Vor seiner Abreise nannte der Kanzler seine Reise eine 'Risikomission'. Risiken birgt dieser Besuch in der Tat, zum Beispiel, sich lächerlich zu machen und propagandistisch missbraucht zu werden."

"Neue Zürcher Zeitung":

"Es gibt derzeit keinerlei Signale eines russischen Entgegenkommens, im Gegenteil. Moskau bereitet gerade den Grossangriff auf den ukrainischen Osten vor, der noch brutaler werden dürfte als das bisher Geschehene. Vor diesem Hintergrund können Gespräche allenfalls dann aussichtsreich sein, wenn Putin ein ganz konkretes Angebot gemacht werden kann - sei es im Auftrag der Ukraine oder der Europäischen Union. Über ein solches Verhandlungsmandat verfügt Nehammer jedoch nicht, er handelte vielmehr aus eigenem Antrieb. (...)

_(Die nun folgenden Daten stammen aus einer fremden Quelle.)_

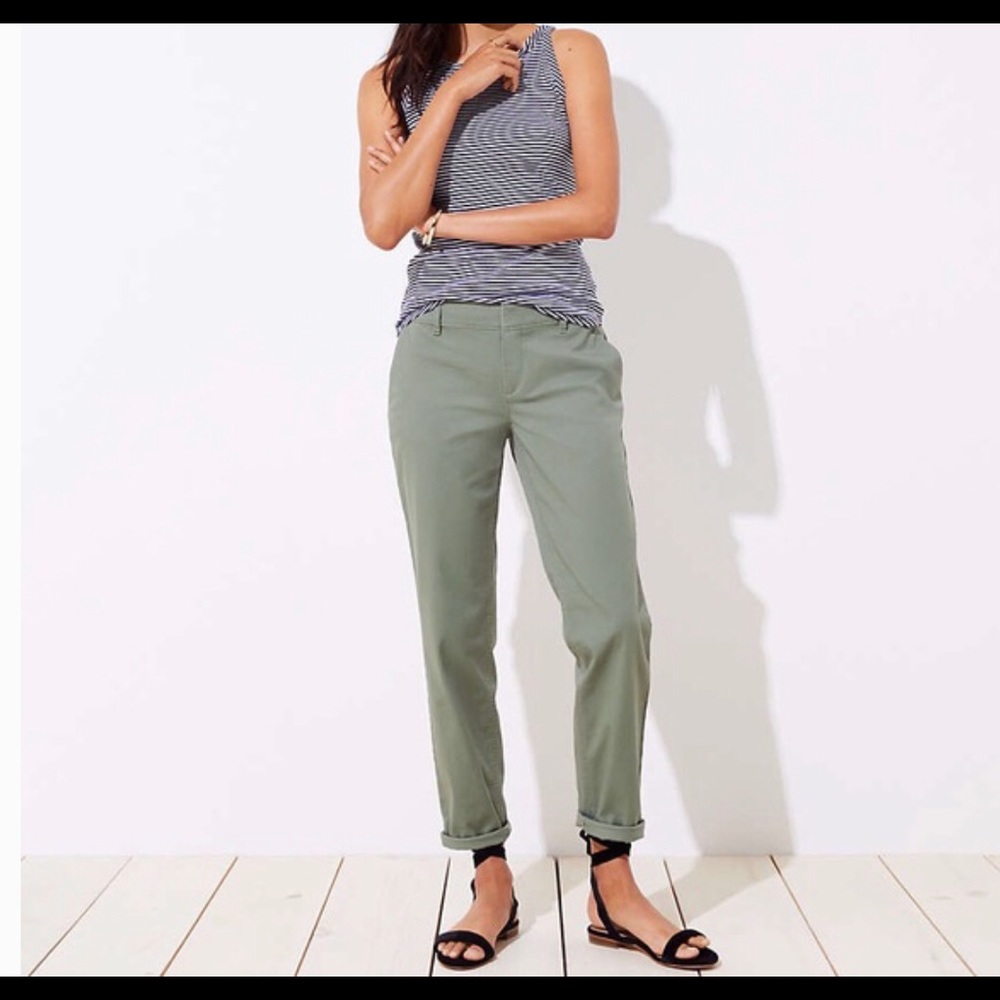 Loft Green Rolled Cuff Girlfriend Chino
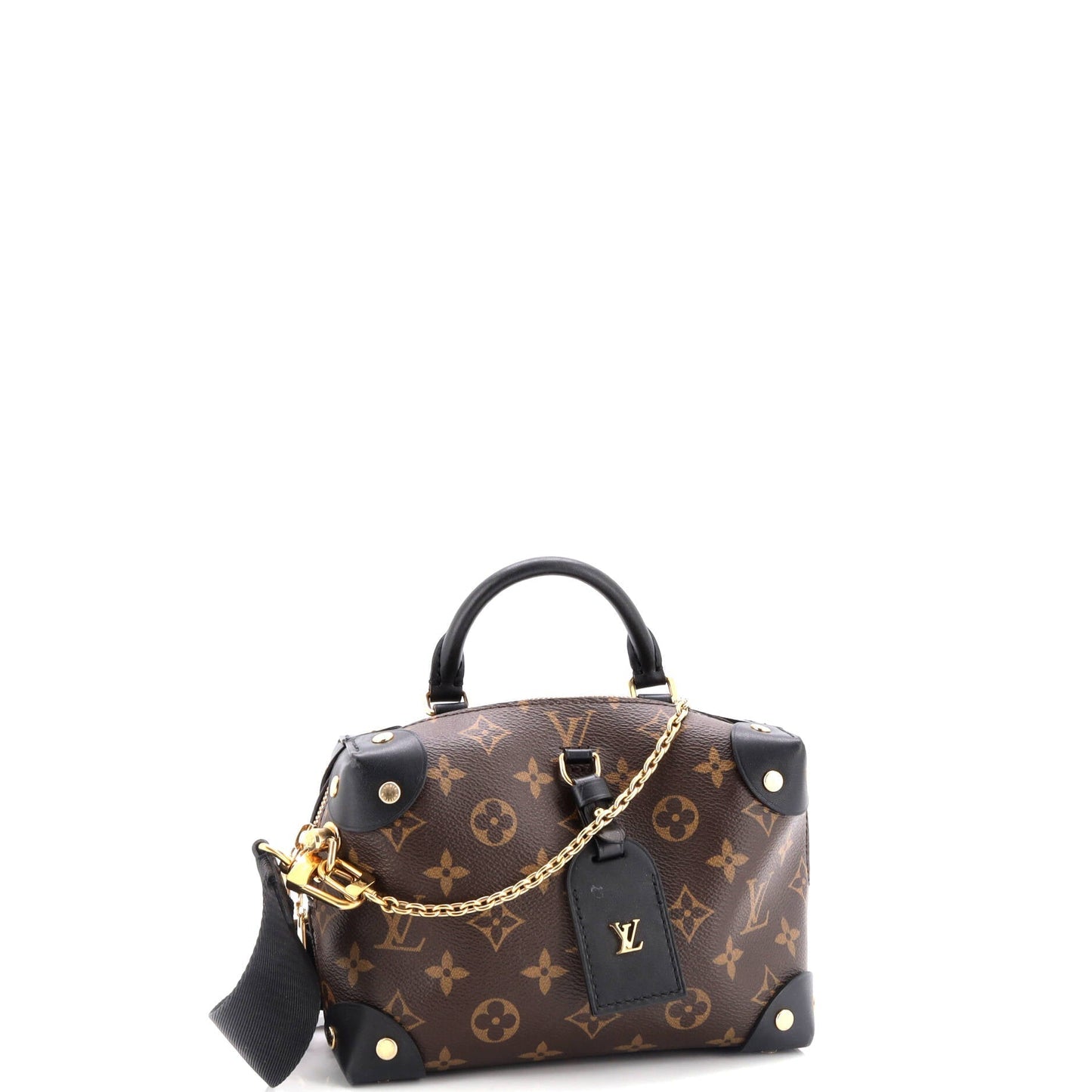 Louis Vuitton Petite Malle Souple Handbag Canvas Monogram Shoulder Bag
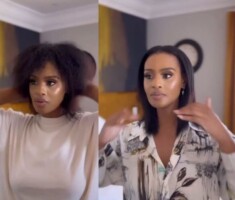 Cassper Nyovest’s baby mama, Thobeka Majozi flaunts her long hair (Video)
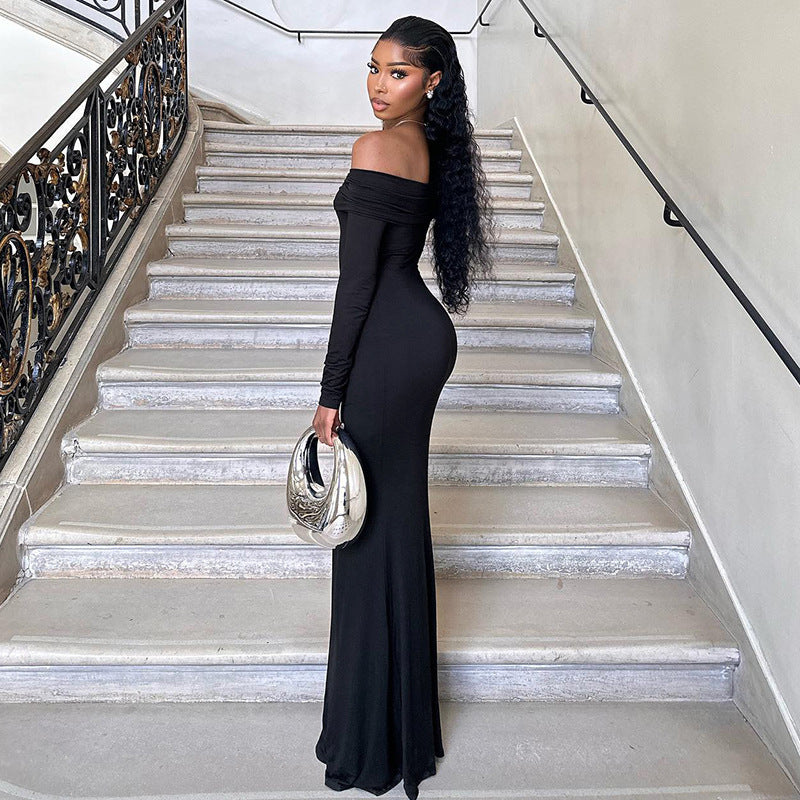 Noir Hour Fishtail Dress"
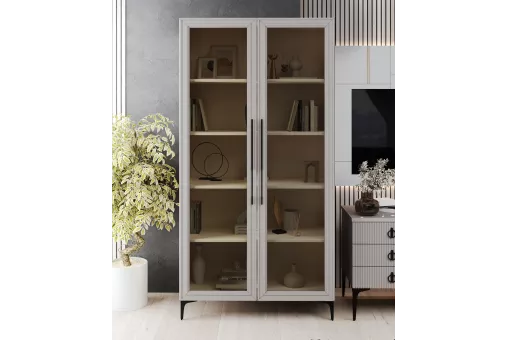 Витрина Стелла 2-ств ярко серый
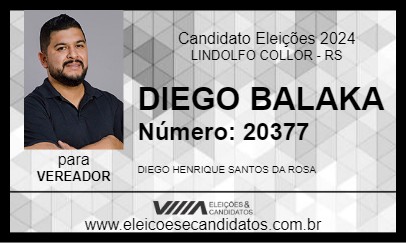 Candidato DIEGO BALAKA 2024 - LINDOLFO COLLOR - Eleições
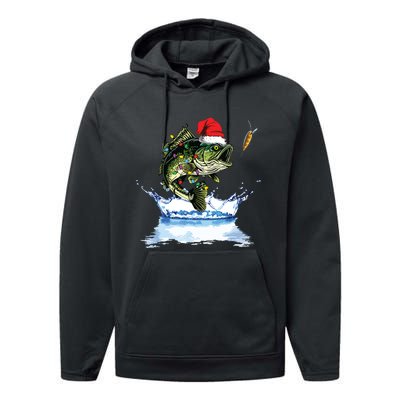 Bass Fishing Christmas Santa Hat Fishing Lover Fisherman Performance Fleece Hoodie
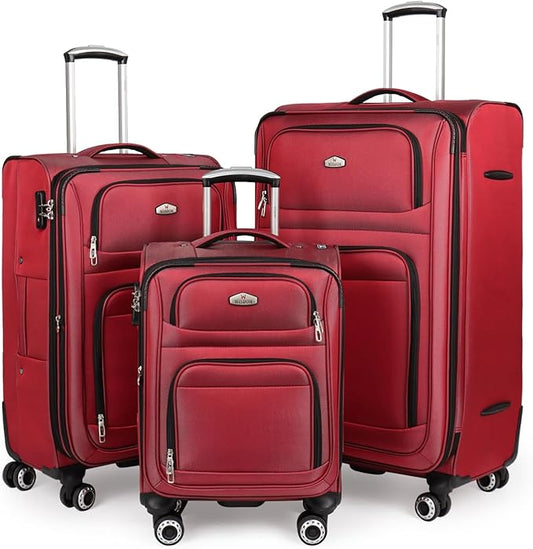 Softside Luggage Sets 3 Piece,Expandable Lightweight Durable Suitcase Sets Double Spinner Wheels w/Combination LOCK （20''/26''/30''）#Red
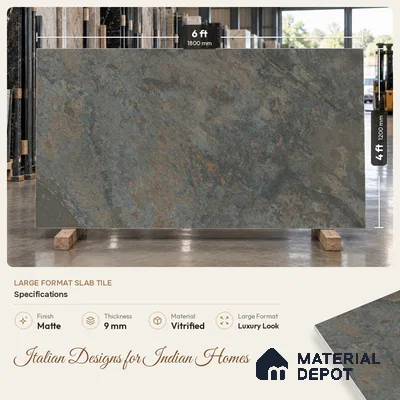 Marble Wall & Floor Tile TL 11753 | 6 ft x 4 ft Vitrified Metallic Matte Tile - 9 mm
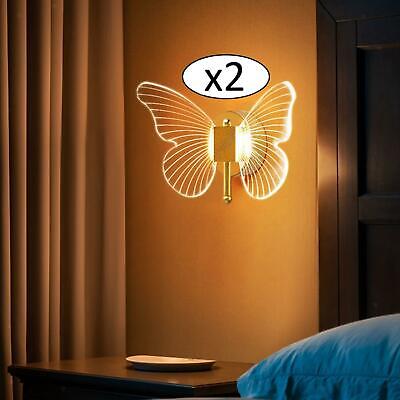 2x acrylique papillon applique murale éclairage couloir bar loft couloir lampe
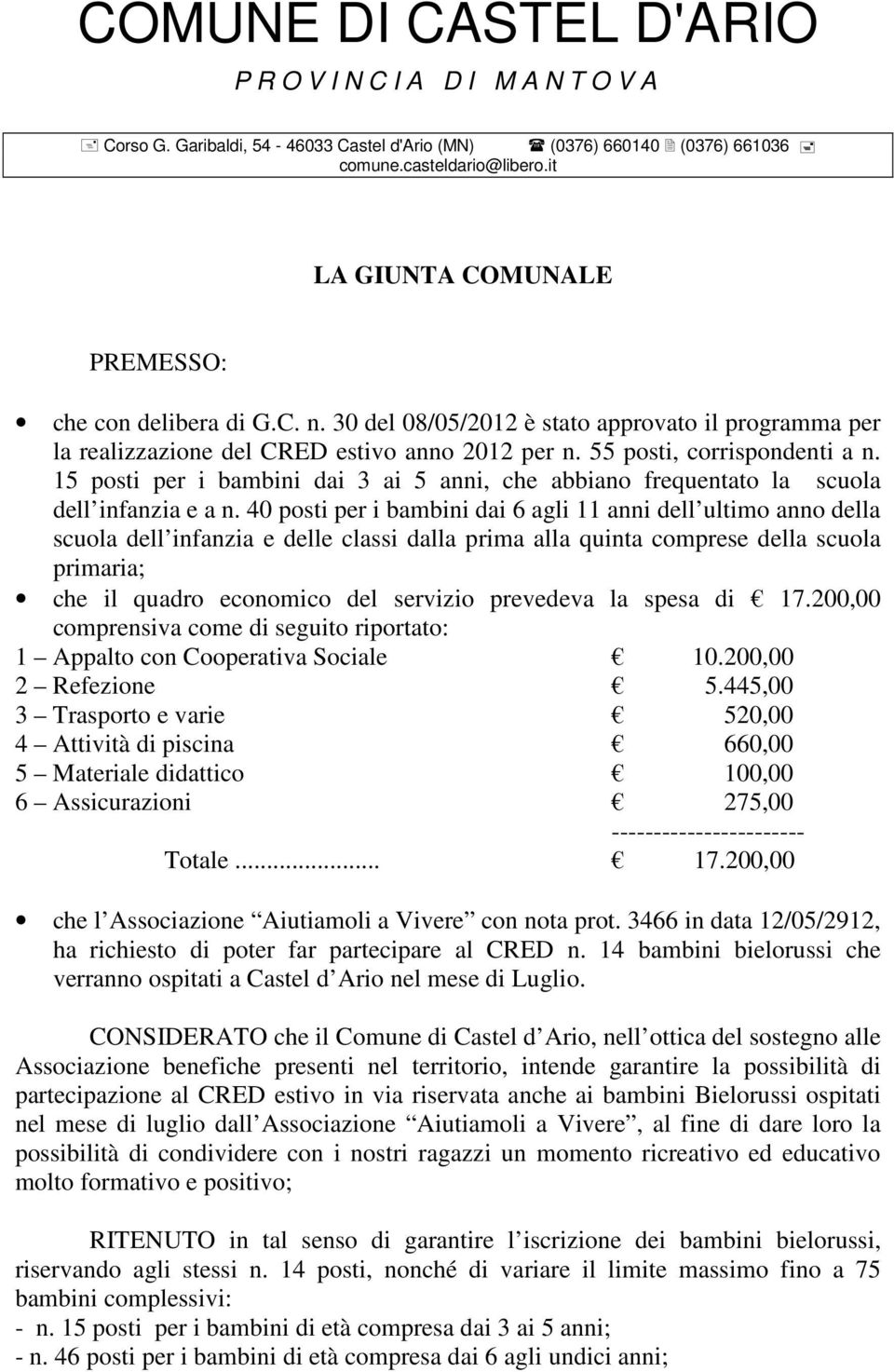 40 posti per i bambini dai 6 agli 11 anni dell ultimo anno della scuola dell infanzia e delle classi dalla prima alla quinta comprese della scuola primaria; che il quadro economico del servizio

Der Gefahr, dass Russland das Treffen propagandistisch ausschlachtet, beugte die österreichische Seite immerhin vor, indem sie Bilder, Filmaufnahmen und auch eine Pressekonferenz untersagte. Das ändert aber nichts an dem Signal, das Wien aussendet und das auch die russischen Medien verbreiten werden: Ein westlicher Regierungschef macht seine Aufwartung in Moskau, Putin ist nicht isoliert, die Einheit der EU könnte bröckeln."

"Dolomiten" (Bozen):

"Aber vielleicht kommt Nehammer ja gerade die Rolle des Underdogs zupass. Ein französischer Staatschef Emmanuel Macron kann mit Putin allenfalls telefonieren, aber dem Mann mit dem Blut an den Händen keinen Besuch abstatten, um Frieden oder was auch immer zu verhandeln. Der Kanzler Österreichs kann als Neutraler zumindest eine Dialogbasis aufrechterhalten - so möglicherweise die Überlegung auch der EU, die sehr zurückhaltend, aber nicht ablehnend der Reise gegenüber reagierte."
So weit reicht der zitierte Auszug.